I am finally getting to learn AlfredApp Workflows. Previously they looked rather daunting to me.
Since I moved to a new laptop I’m learning to do more with AlfredApp (it is Mac only, and I use the paid PowerPack option). On my old laptop I first only used it for custom search, such as finding a business on Open Street Map. Later I added the automated expansion of text snippets, which saves me a lot of typing during the day.
AlfredApp also allows you to make Workflows, where you string together triggers, inputs, operators, actions and outputs to automate tasks on your machine. I had previously looked at Workflows but they seemed complicated to me, judging by some example workflows I downloaded that weren’t at all clear to me. Early this morning I came across this video of Automating All The Things, where Aron Korenblit talks with Chris Messina about using Workflows (it was early and I did not jot down where I found the vid, in someone’s RSS, mastodon stream or someplace else, so HT to whoever pushed it in my stream)
this is just a screenshot from the video that links to the video on YT, not a video player: I didn’t want to embed YT video.
This morning I reckoned I wasn’t going to watch a 87 minute video, but I was wrong (though I did jump forward a few times). Chris takes Aron through the basics of building your own Workflows, and I now get what they are and how to build my own. First I’ve added some fairly easy things, like having typing ‘read’ open up my fresh articles in my TinyTinyRSS feedreader instance, or typing ‘blog’ followed by a type of post, e.g. ‘blog bookmark’ open up the correct editing window for it. Next, I will be thinking through my local routines and context switches, and how I might be able to assist myself by automating them. The video starts with a few quick tips on how to make AlfredApp easier to access and use for yourself, so it can get embedded in your muscle memory.

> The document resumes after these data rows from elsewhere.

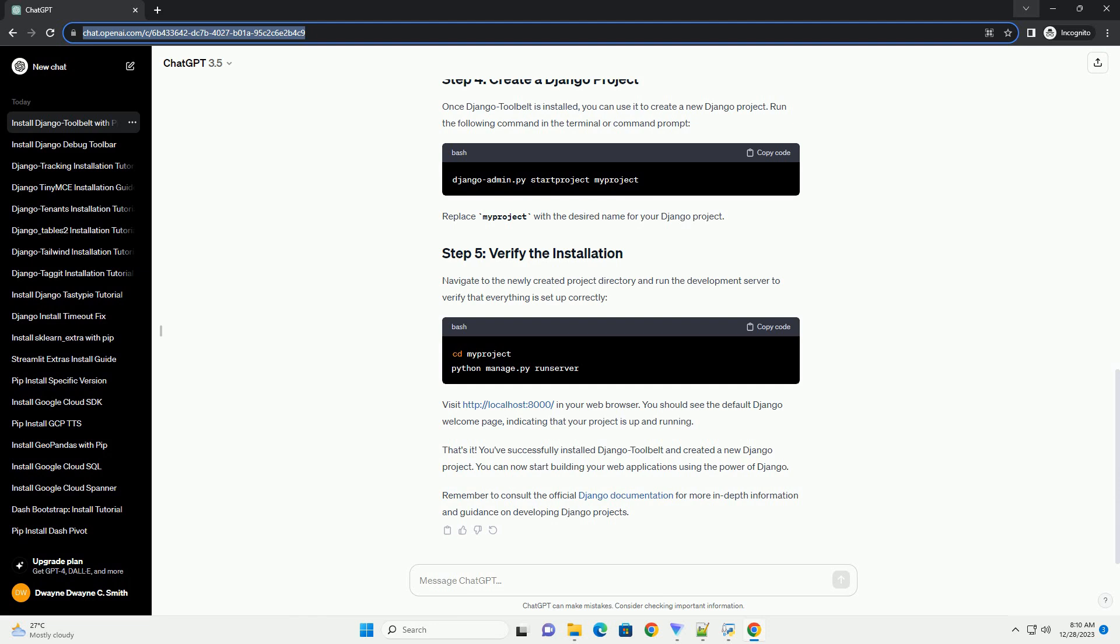This command will download and install the latest version of Django Toolbelt and its dependencies. Once Django Toolbelt is installed, you can use it to create a new Django project.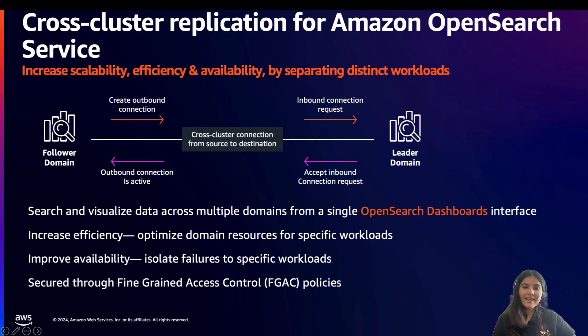In today's video, we'll talk about how cross-cluster replication feature works within Amazon OpenSearch. So let's get started. Let's talk about cross-cluster replication.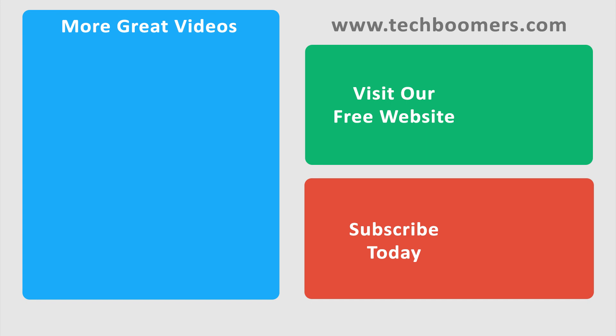Thanks for watching. If you found this video helpful, we'd love it if you'd hit the thumbs up button below. Check out TechBoomers.com for over 100 free courses on all of today's most popular websites and apps.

I’ve been using Alfred forever, and so your video is very, very helpful to me, as Alfred has evolved while I’ve continued to use it for the same core things I have always used it for.

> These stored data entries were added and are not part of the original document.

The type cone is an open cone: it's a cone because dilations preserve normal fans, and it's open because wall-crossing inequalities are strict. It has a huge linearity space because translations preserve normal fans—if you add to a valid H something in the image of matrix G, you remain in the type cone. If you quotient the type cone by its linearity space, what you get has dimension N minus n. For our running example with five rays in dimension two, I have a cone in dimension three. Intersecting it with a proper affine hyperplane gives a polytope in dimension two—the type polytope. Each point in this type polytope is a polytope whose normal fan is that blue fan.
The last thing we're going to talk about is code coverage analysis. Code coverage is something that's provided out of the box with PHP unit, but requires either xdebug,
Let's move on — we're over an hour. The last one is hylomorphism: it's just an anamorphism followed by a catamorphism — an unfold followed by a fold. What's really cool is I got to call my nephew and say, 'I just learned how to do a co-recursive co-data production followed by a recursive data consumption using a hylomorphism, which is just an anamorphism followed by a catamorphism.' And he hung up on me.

Among the ways I use Alfred, several times a day, especially when writing blogs posts where I want to refer to earlier posts, I trigger a custom “Web Search” in Alfred, keyword “ruk” with search URL http://ruk.ca/search/node/{query} — this makes it really easy to look up posts-past.
(The equivalent search URL for this blog would be https://www.zylstra.org/blog/?s={query})
You’re welcome, and thanks: I’ve copied your search-my-own-blog tip.
Thanks for the link to the video. I’ve done a few workflows and, like Ton, had some difficulty really understanding how they work, so I am going to find time for this. I don’t think Automators.fm has ever done an episode on Alfred; I wish they would.